Dataset entries »
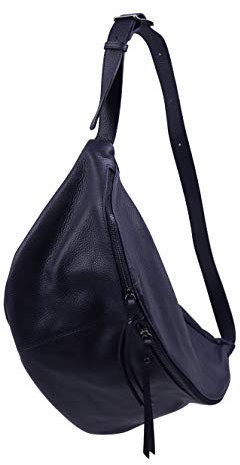 SH Leder echt Leder Damen Unisex Brusttasche für Festival Reise Gross Hüfttasche Crossbody Bag Frauen Ledertasche 49x28cm Daniela G768 (Dunkel Blau)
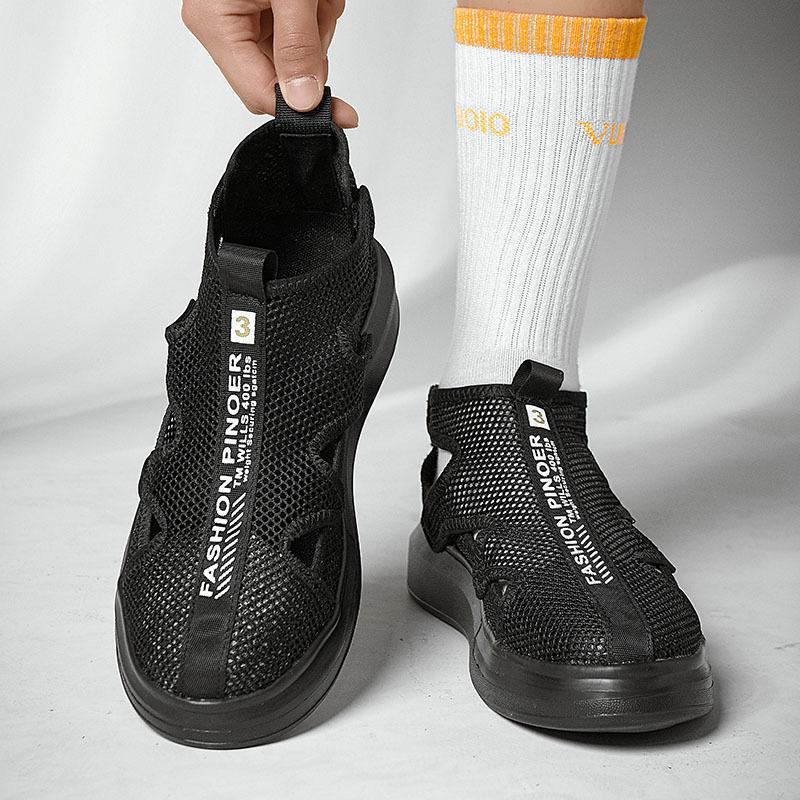 2025 summer new thin men's shoes ins trendy mesh open-toed breathable sandals soft-soled slippers little white shoes
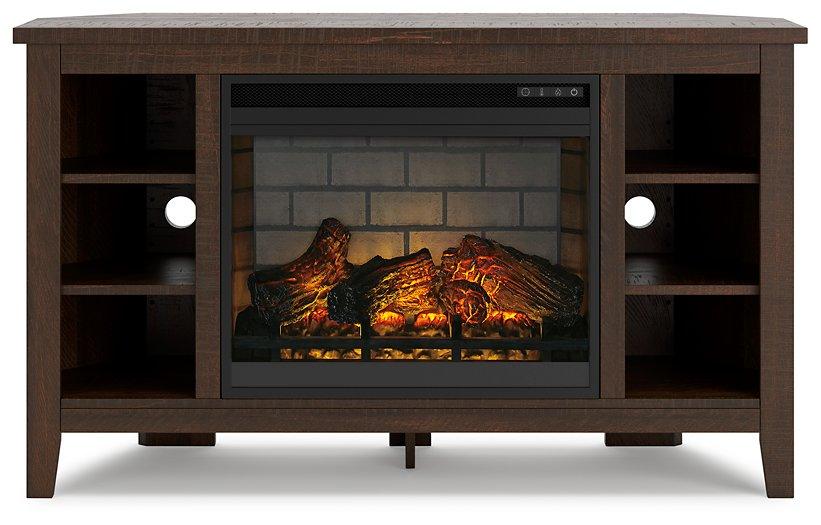 Camiburg Corner TV Stand with Electric Fireplace - Premium TV Stand from Ashley Furniture - Just $452.03! Shop now at Furniture Wholesale Plus  We are the best furniture store in Nashville, Hendersonville, Goodlettsville, Madison, Antioch, Mount Juliet, Lebanon, Gallatin, Springfield, Murfreesboro, Franklin, Brentwood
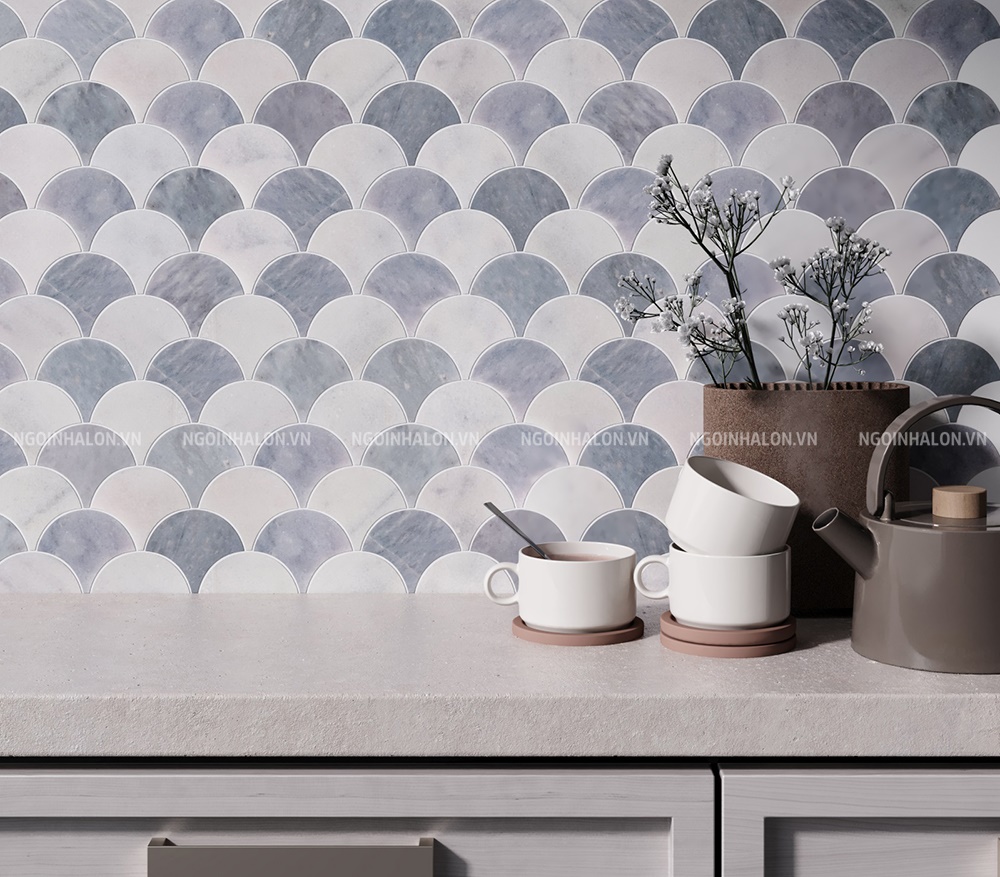Gạch mosaic đá hình vảy cá marble xám Gạch mosaic đá hình vảy cá marble xám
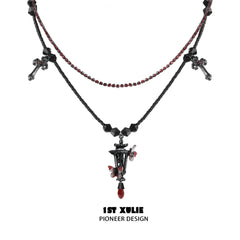 1ST XULIE "Butterfly Wasteland" Gothic Butterfly Beacon Choker in Black Platinum Plated - Product View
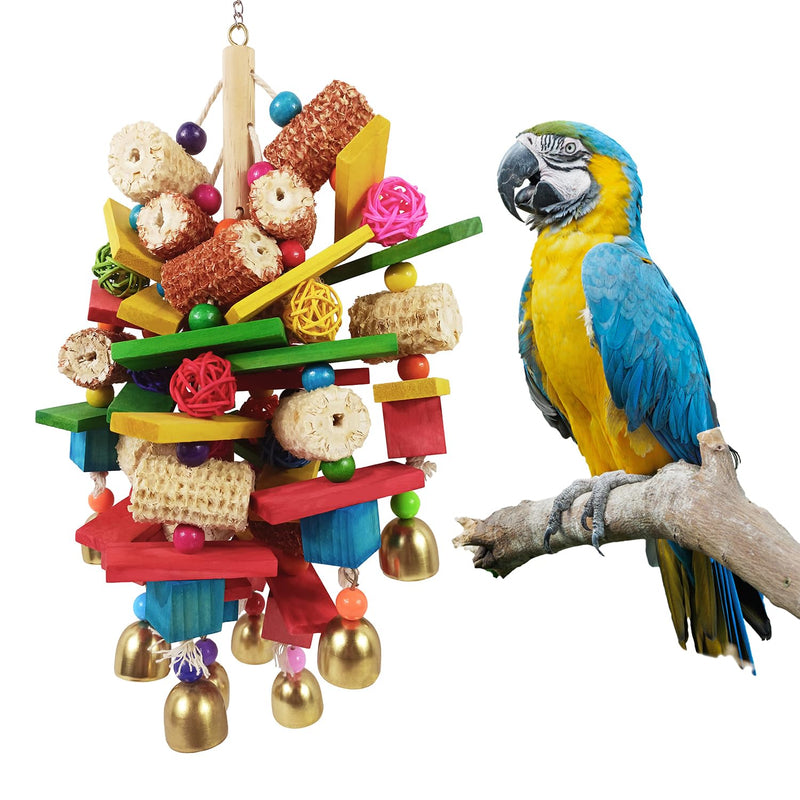 Sysmashing Bird Toys, Parrot Toys for Large Birds, Natural Peppered Wood African Grey Parrots, Macaws, Cockatoos, Amazon Parrot chew Toys, Aviary Hanging Toys - PawsPlanet Australia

Task requirements » Repeat the listing above word for word and leave its images out.

Solution to this exercise »
 SH Leder echt Leder Damen Unisex Brusttasche für Festival Reise Gross Hüfttasche Crossbody Bag Frauen Ledertasche 49x28cm Daniela G768 (Dunkel Blau)
 2025 summer new thin men's shoes ins trendy mesh open-toed breathable sandals soft-soled slippers little white shoes
 Camiburg Corner TV Stand with Electric Fireplace - Premium TV Stand from Ashley Furniture - Just $452.03! Shop now at Furniture Wholesale Plus  We are the best furniture store in Nashville, Hendersonville, Goodlettsville, Madison, Antioch, Mount Juliet, Lebanon, Gallatin, Springfield, Murfreesboro, Franklin, Brentwood
Gạch mosaic đá hình vảy cá marble xám Gạch mosaic đá hình vảy cá marble xám
 1ST XULIE "Butterfly Wasteland" Gothic Butterfly Beacon Choker in Black Platinum Plated - Product View
 Sysmashing Bird Toys, Parrot Toys for Large Birds, Natural Peppered Wood African Grey Parrots, Macaws, Cockatoos, Amazon Parrot chew Toys, Aviary Hanging Toys - PawsPlanet Australia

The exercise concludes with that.